Ficcionistas, portanto, continuam apresentando novas visões e formulando questões para
se interpretar a imigração alemã com base em diversos aspectos. Inserem-se, assim, no contexto
de discussão sobre integrar e conviver versus diluir e perder a identidade, que resultam em
diferentes visões sobre as relações interétnicas.
No futuro, talvez, a sociedade brasileira, por ter se constituído como uma sociedade
miscigenada, tenha de voltar a discutir esse assunto como tema importante, porque resguardar a
diferença é algo de muito significado para vários grupos. Talvez, ainda, precise começar a pensar
em manter espaço para a preservação das identidades. A literatura produzida é uma das principais
fontes para motivar reflexões sobre a questão das etnias, porque explicita diferentes posições,
porém não é ela que tem de resolver o problema, embora registre tudo e pense sobre isso.
Esta tese despertou em mim a vontade de contribuir mais com a construção de
conhecimentos relativos a questões que envolvem relações interétnicas, especialmente no que se
refere à preservação da identidade.
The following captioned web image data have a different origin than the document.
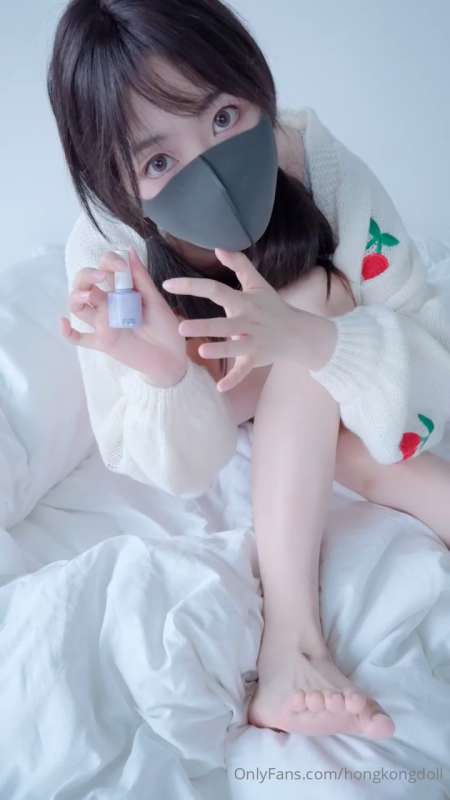 女神玩偶姐姐HongKongDoll四月订阅合集 [4V/1.25G]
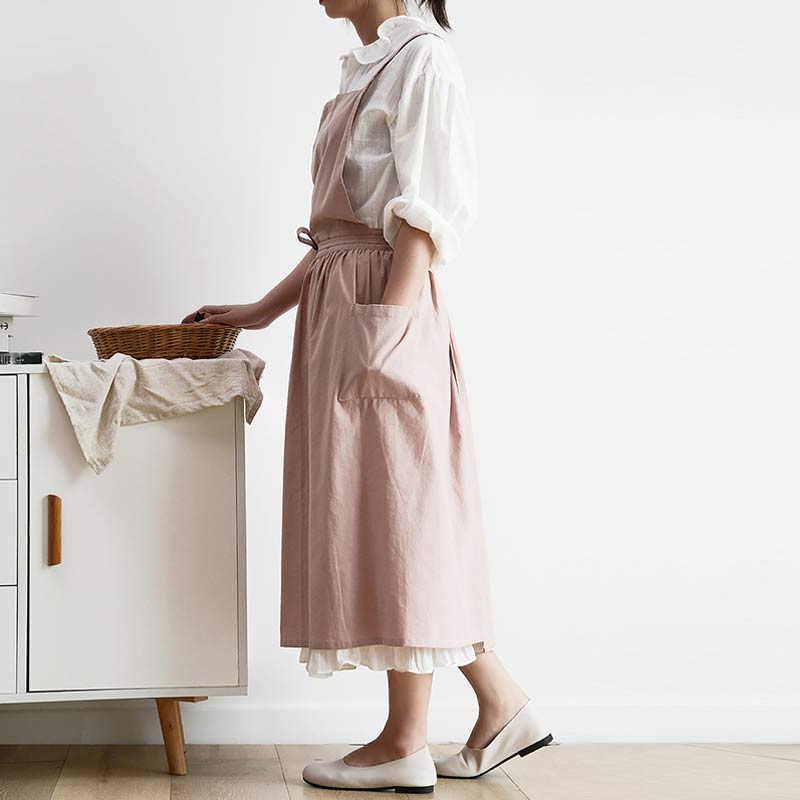 MaisonVire Elegance – Luxury Cotton Kitchen Apron with Cross Straps and Practical Pockets for a Stylish Look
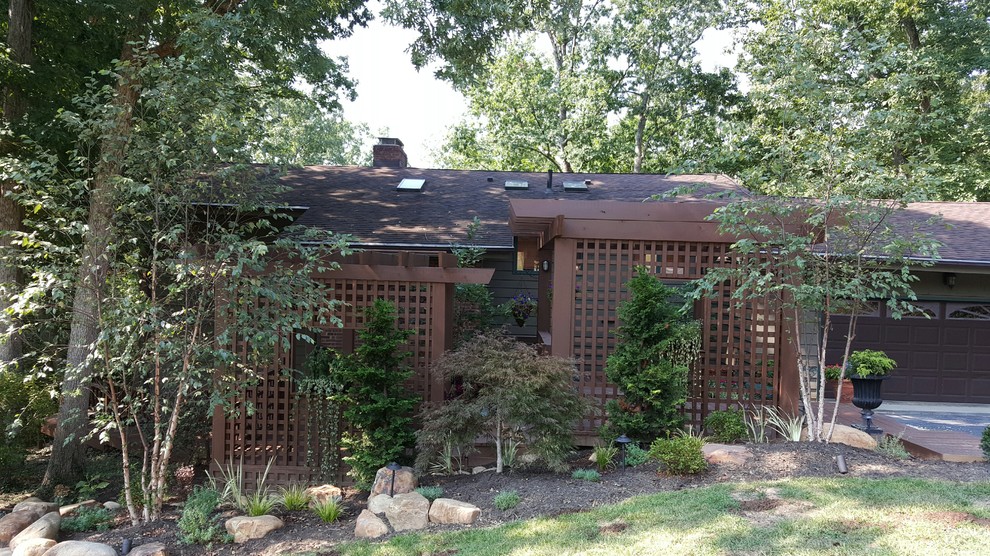 На фото: регулярный сад среднего размера на переднем дворе в современном стиле с садовой дорожкой или калиткой, полуденной тенью и настилом с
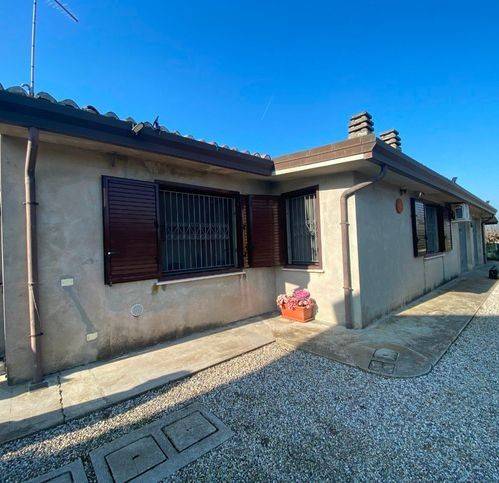 casa indipendente in vendita a Tresignana in zona Tresigallo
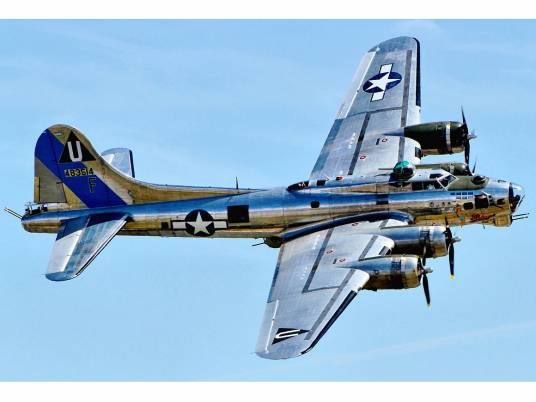 B-17轰炸机（1937年美国装备大型轰炸机）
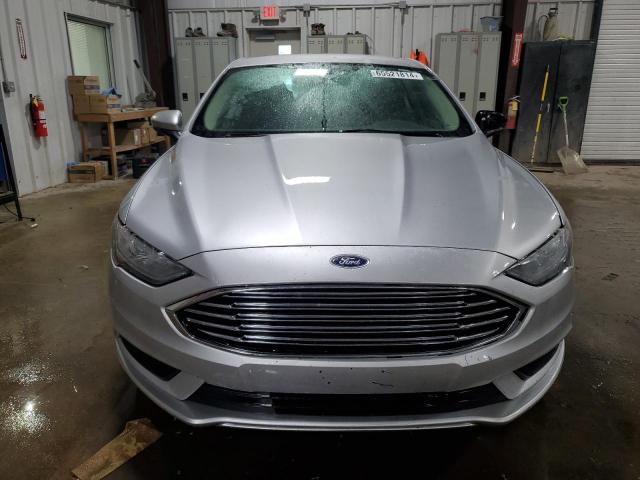 3FA6P0H71HR125503 - 2017 FORD FUSION SE SILVER photo 5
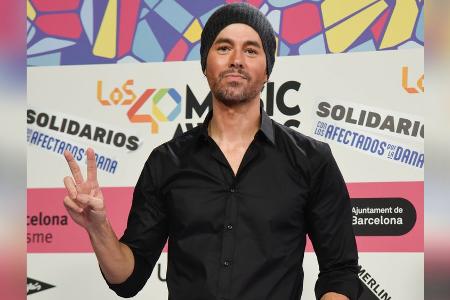 Enrique Iglesias teilt ein seltenes Foto seiner vier Kinder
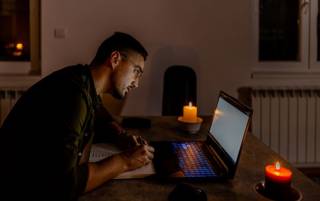 Свет будут отключать не во всех областях: графики на 15 декабря от «Укрэнерго»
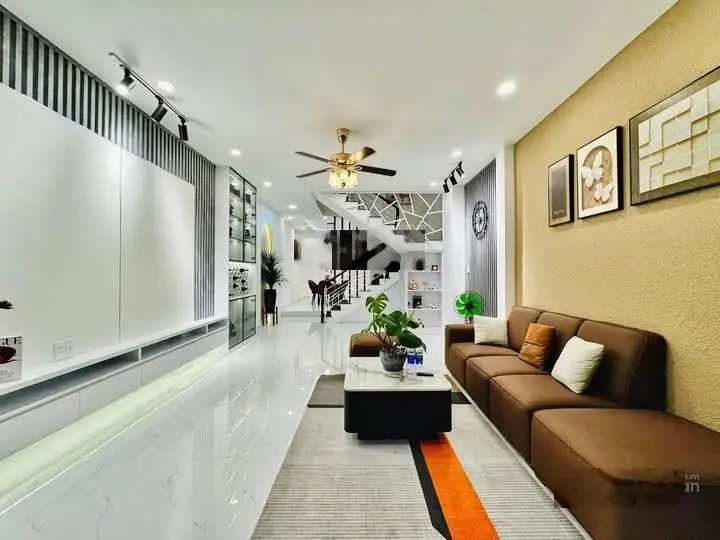 Bán gấp nhà đẹp hẻm xe hơi Đ. CMT8, P15, Q10 .DT: 5,5x17m Full Nội Thất Vào Ở Ngay Giá 4Tỷ 360.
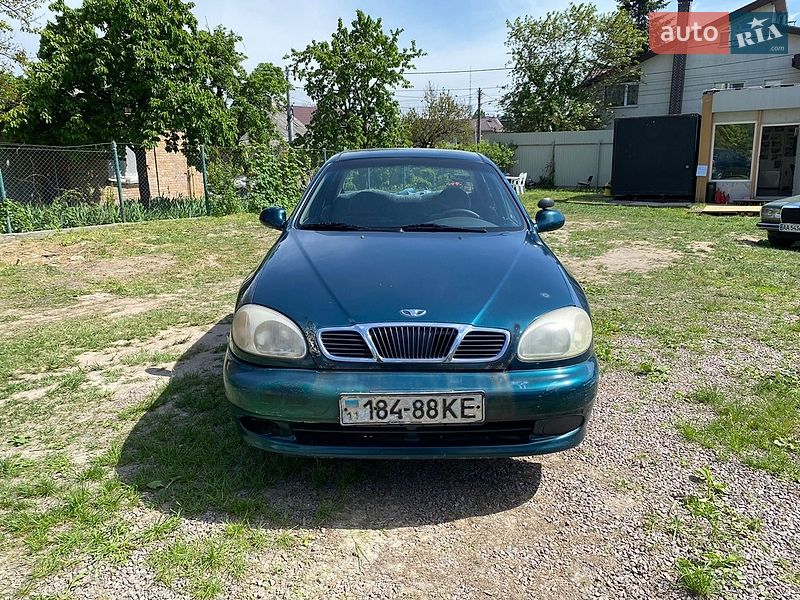 Седан Daewoo Lanos 1998 в Києві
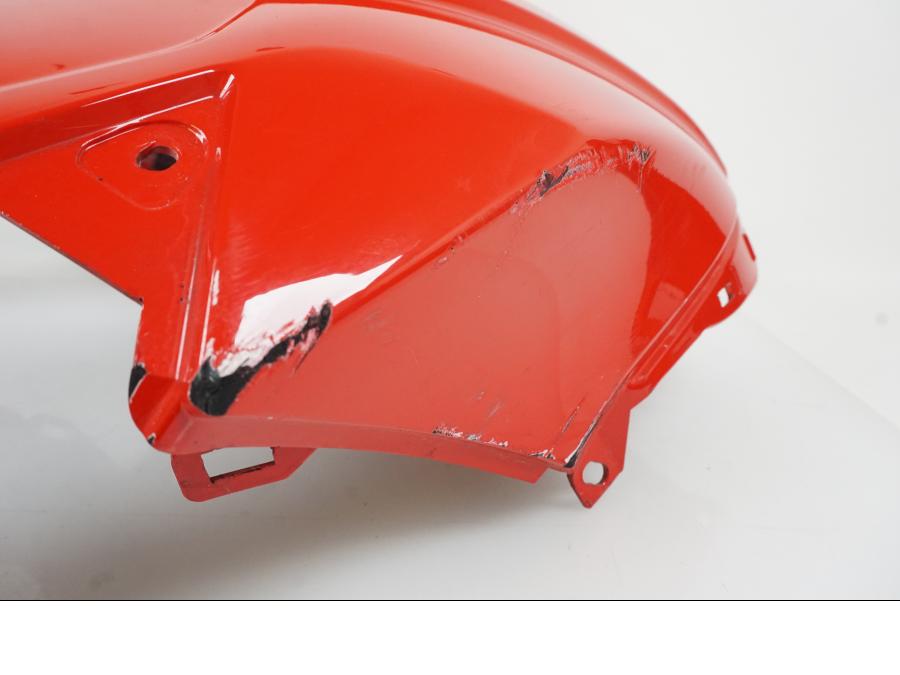 Snett uppifrån på Bensintankskåpa från en BMW S 1000 XR -2019 motorcykel.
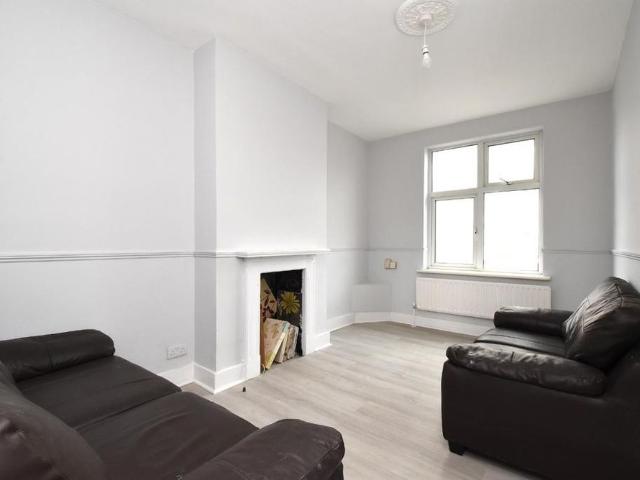 Apartment for rent in Elmers End, Greater London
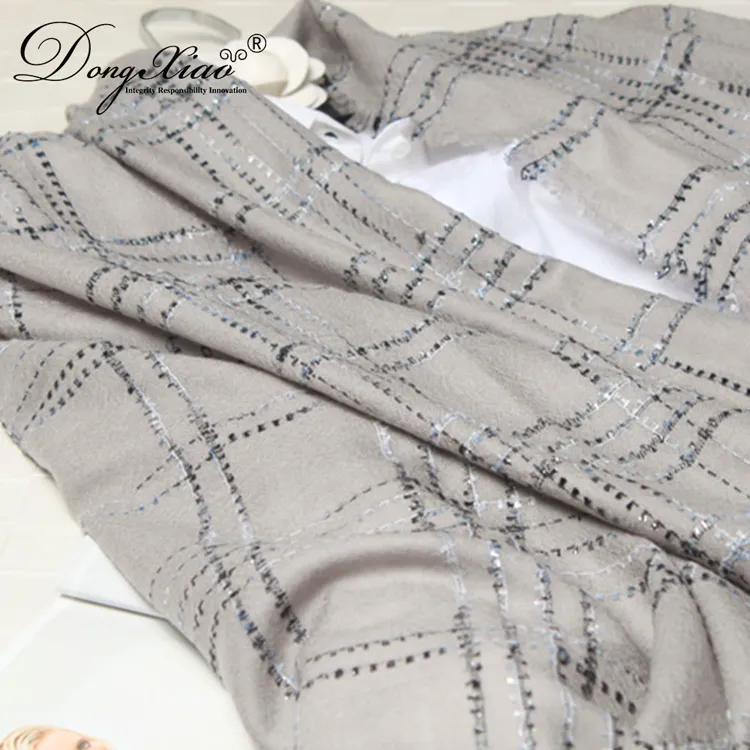 Solid Cashmere Scarf · 100% Cashmere · Multiple Colors, 14–15.5µm — detail view 6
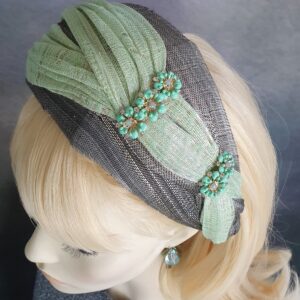 Handgemaakte hoofdband van abaca zijde, grijs met groene en metalen bloemen, elegante diadeem, mooie fascinator - speciale gelegenheden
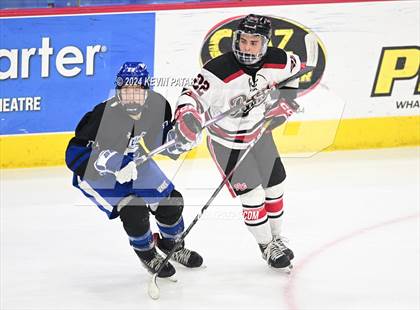 Thumbnail 2 in Darien vs. New Canaan (CIAC DI Semifinal) photogallery.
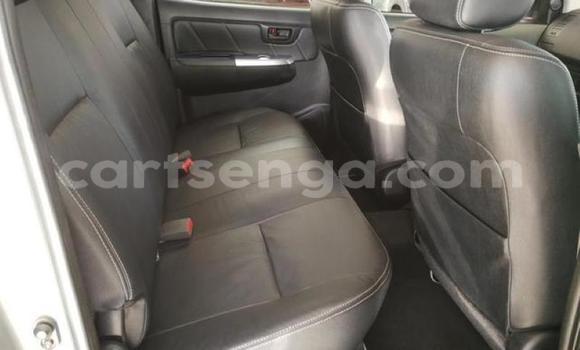 Nunua Ilio tumika Toyota Hilux Silver Gari ndani ya Manzini nchini Manzini Nunua Ilio tumika Toyota Hilux Silver Gari ndani ya Manzini nchini Manzini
Procurarei, na medida do possível, incluir nos meus estudos
futuros outras pesquisas sobre a literatura que trata do tema. Um elemento interessante de
estudar, por exemplo, é a língua.
Tomando como base os romances estudados, posso afirmar que a ficção fala de vida em
ação dos imigrantes alemães, levando, assim, até os leitores imagens que remetem ao sentido que
a epígrafe deste capítulo sugere, ou seja, são imagens de sujeitos feridos de vida, não de morte.